SAN DIEGO — San Diego Police officers who fired shots at a man in June 2018 were justified in their use of deadly force, the San Diego District Attorney’s office announced Monday.
Body camera video recorded by San Diego Police shows the officers engaged in gunfire with Joe Darwish on June 23, 2018.
Police responded to a disturbance call at a condo on Rolando Court. When responding officers smelled smoke, they called firefighters to the scene, the DA’s office said in a news release.
Officers knocked on the front door for more than 20 minutes but received no response, officials said. Firefighters forced entry into the home but were met with gunfire.
Darwish shot one officer in the back with a large caliber weapon, according to the DA’s office. Two officers returned fire as they provided cover for the wounded officer, who couldn’t move for several seconds. The wounded officer eventually managed to roll onto his stomach and crawl away from the line of fire.
Darwish also shot a second officer during the exchange of gunfire.
The DA’s office said the shooting eventually stopped and officers found Darwish dead from a self-inflicted gunshot. Darwish had also been hit in the face and arm from one of the officers’ shotguns.

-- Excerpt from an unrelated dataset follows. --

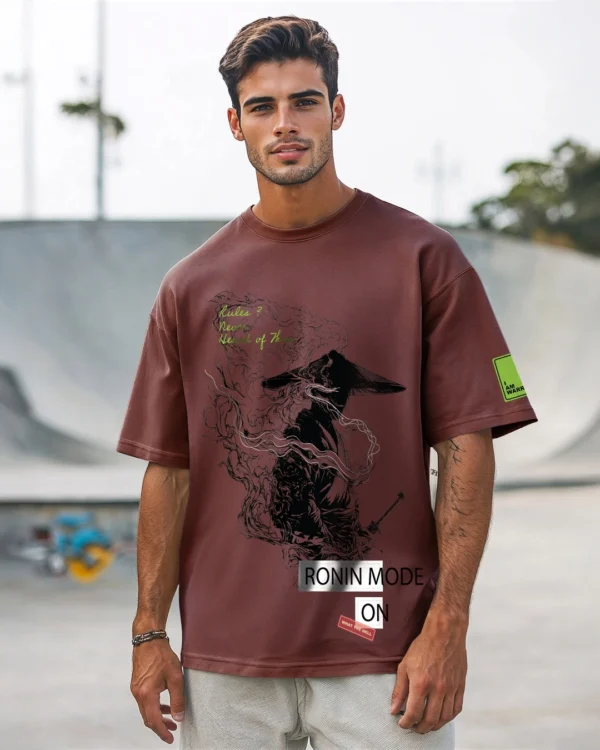 Men's Chocolate Brown Ronin Mode On Graphic Printed Oversized T-shirt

“This harrowing incident shows just how quickly a routine call for service can turn deadly for police officers who suddenly found themselves in the line of fire, trying to protect their wounded fellow officers and keep the shooter from endangering members of the public,” said District Attorney Summer Stephan. “It’s a tribute to these officers’ bravery and quick response that the gunman didn’t injure more people or kill the officers and firefighters involved.”
Darwish had been wearing a bulletproof vest. He was armed with two homemade guns: an assault weapon and a 9 mm semi-automatic pistol, according to the DA. Neither gun was registered.
Both wounded officers, Francisco Roman, a 3-year veteran, and Dan Bihum, an 18-year veteran, recovered.
Questions had been raised about whether the shooting could have been prevented. Last summer, it was revealed that officers wanted to search Darwish's home for weapons days before the shootout. However, the Office of the San Diego County District Attorney did not attempt to obtain a search warrant.
In the days after the shooting, law enforcement sources said that the FBI’s Joint Terrorism Task Force had wanted to search Darwish's home because they thought he had a weapon and was buying parts to make more weapons.
Darwish wasn't supposed to own any weapons because of his criminal history. Our source said the FBI asked the District Attorney's Office to sign off on having a judge issue a search warrant, but the DA’s Office did not do so.
After weeks of no response, the DA's office confirmed in August that they had received a request to conduct a search on Darwish's home, 10 days before the shooting.
“On June 13, 2018, the San Diego County District Attorney's Office received a request by law enforcement to review a draft of an affidavit in support of a search warrant to conduct a search of Mr. Darwish's person, property and residence. The District Attorney's Office determined that the warrant was legally deficient and so advised law enforcement,” the DA's August letter said.
When asked why it had turned down the FBI’s request to conduct a search warrant, the DA’s Office stated its reasoning was "exempt from disclosure".
At the time of publishing, the District Attorney's office did not respond to a request for comment.